## Data shown
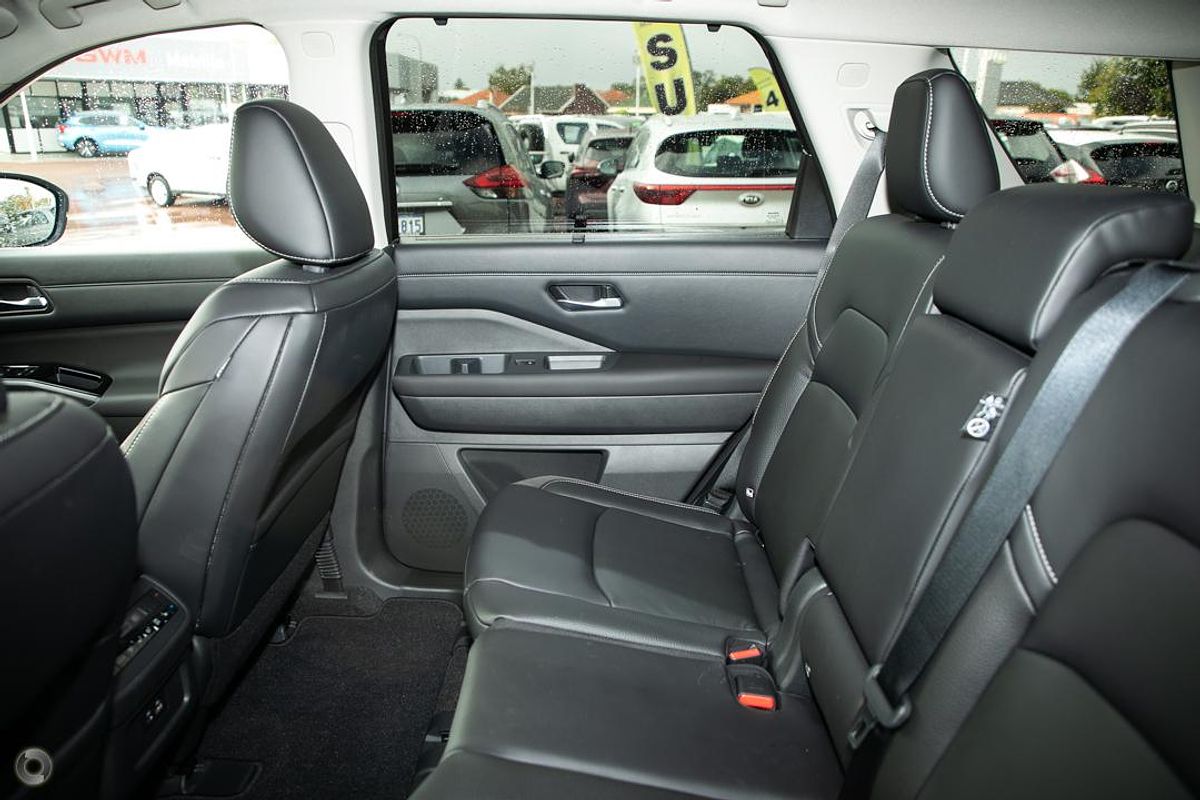 2024 Nissan Pathfinder Ti R53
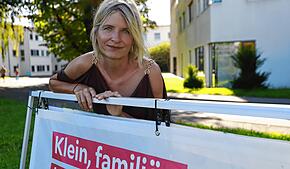 Claudia Pflug, Hebamme am Helios-Spital in Überlingen, wirbt für einen Erhalt des Kreißsaals. Das Plakat auf dem Foto zeigt eine Werbung ...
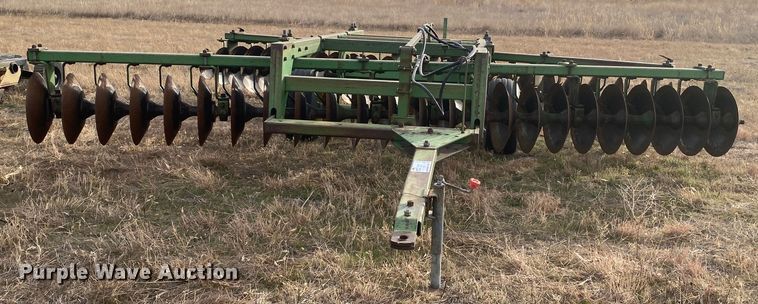 image for item DL1262 John Deere  off-set disk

## Task description
Copy the full listing above exactly, apart from the pictures.

## Result of the exercise
 2024 Nissan Pathfinder Ti R53
 Claudia Pflug, Hebamme am Helios-Spital in Überlingen, wirbt für einen Erhalt des Kreißsaals. Das Plakat auf dem Foto zeigt eine Werbung ...
 image for item DL1262 John Deere  off-set disk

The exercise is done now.